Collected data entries

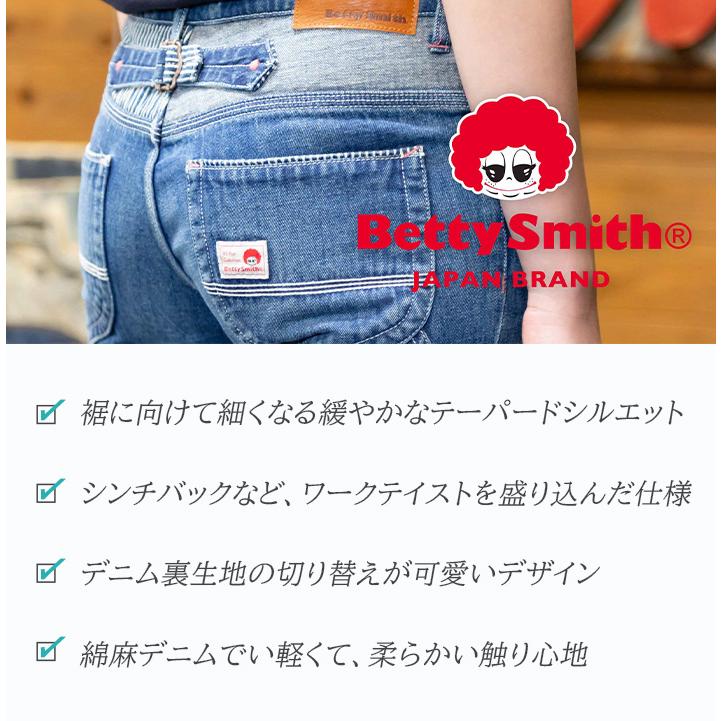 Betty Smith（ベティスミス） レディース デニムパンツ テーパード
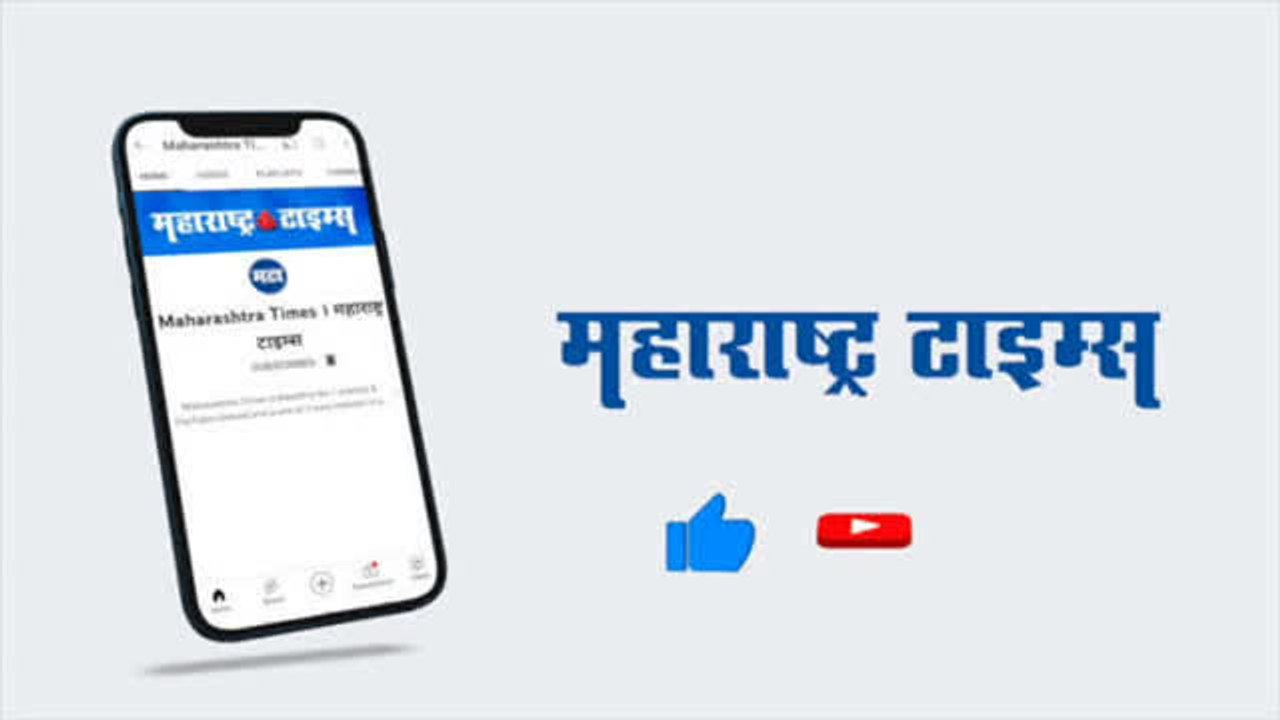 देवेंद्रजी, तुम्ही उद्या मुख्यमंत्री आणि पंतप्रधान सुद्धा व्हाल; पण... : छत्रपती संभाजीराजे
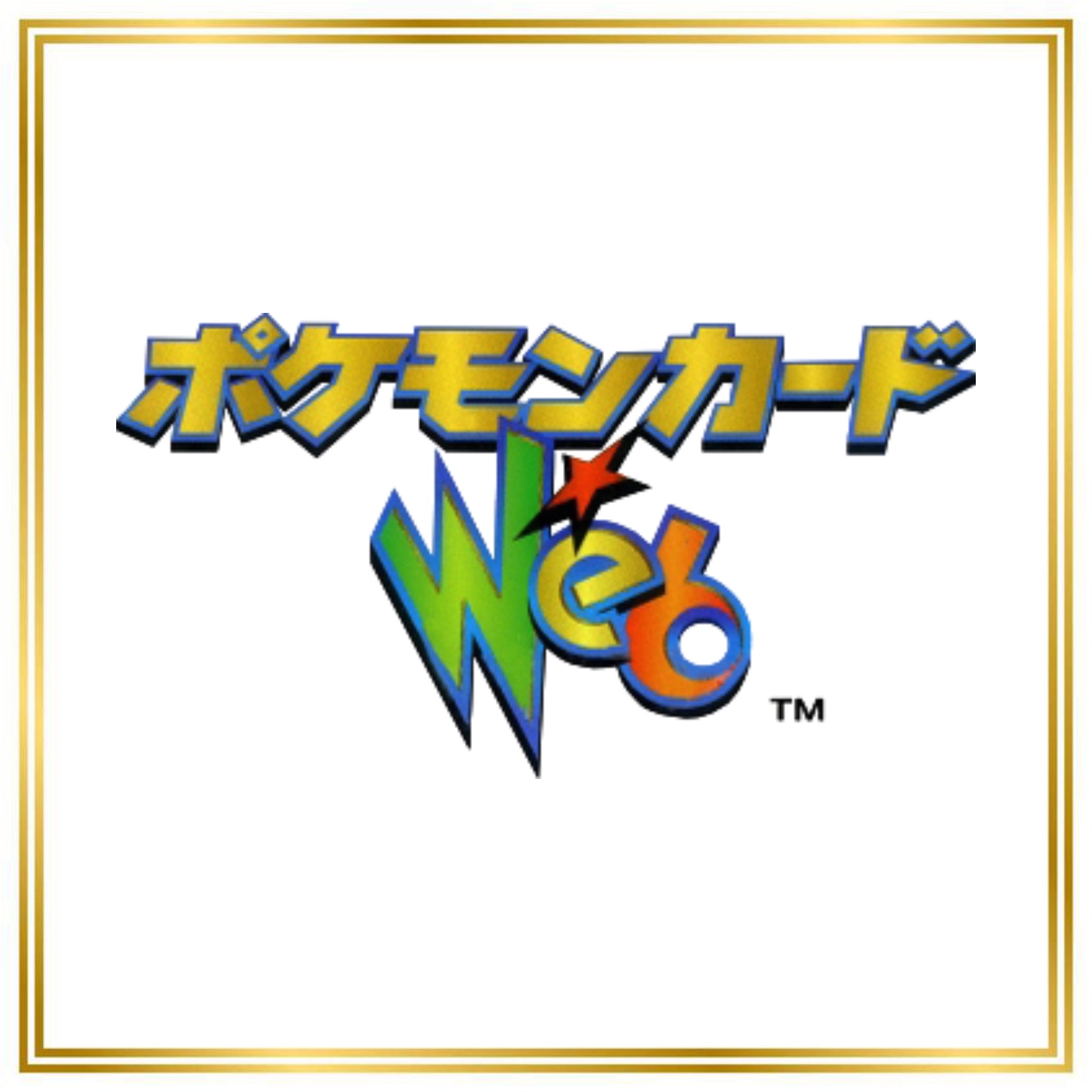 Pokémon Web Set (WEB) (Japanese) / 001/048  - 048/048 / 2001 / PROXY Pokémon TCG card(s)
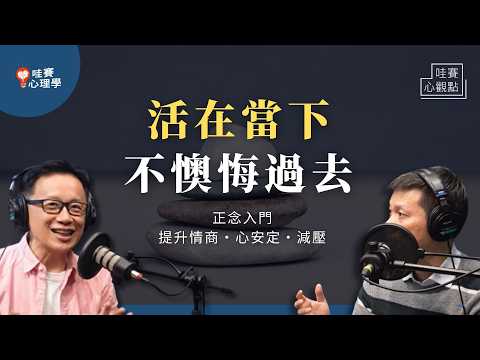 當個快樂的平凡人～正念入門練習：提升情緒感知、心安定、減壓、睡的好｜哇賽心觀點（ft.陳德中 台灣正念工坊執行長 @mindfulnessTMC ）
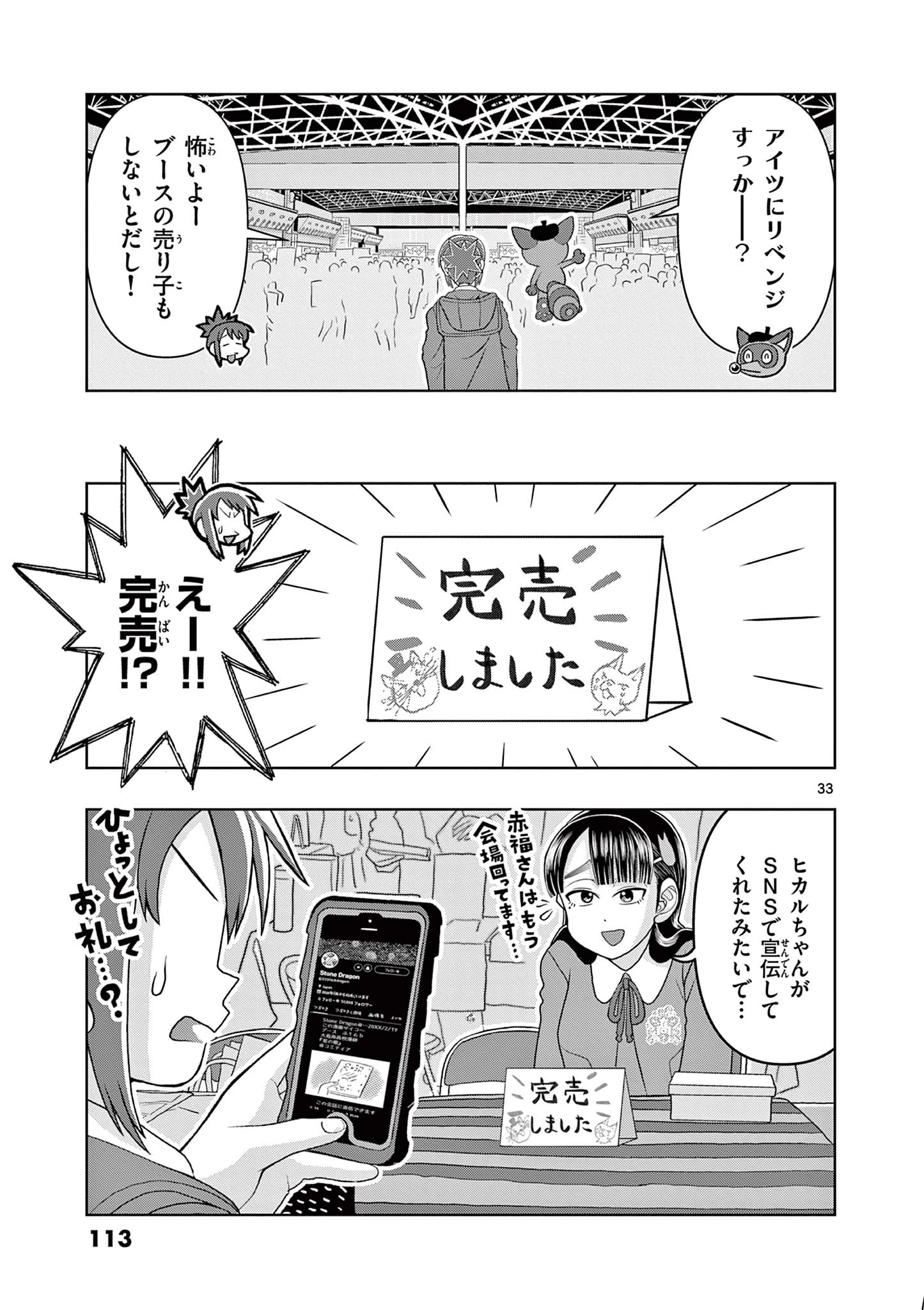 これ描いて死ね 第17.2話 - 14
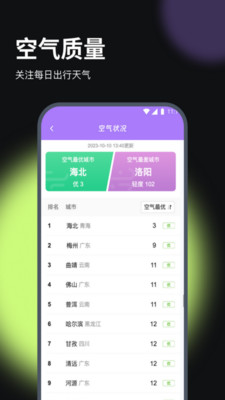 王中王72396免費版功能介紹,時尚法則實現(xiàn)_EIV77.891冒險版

**Description of the task**
What's needed is an exact copy of every entry, minus the pictures.

**Response**
 Betty Smith（ベティスミス） レディース デニムパンツ テーパード
 देवेंद्रजी, तुम्ही उद्या मुख्यमंत्री आणि पंतप्रधान सुद्धा व्हाल; पण... : छत्रपती संभाजीराजे
 Pokémon Web Set (WEB) (Japanese) / 001/048  - 048/048 / 2001 / PROXY Pokémon TCG card(s)
 當個快樂的平凡人～正念入門練習：提升情緒感知、心安定、減壓、睡的好｜哇賽心觀點（ft.陳德中 台灣正念工坊執行長 @mindfulnessTMC ）
 これ描いて死ね 第17.2話 - 14
 王中王72396免費版功能介紹,時尚法則實現(xiàn)_EIV77.891冒險版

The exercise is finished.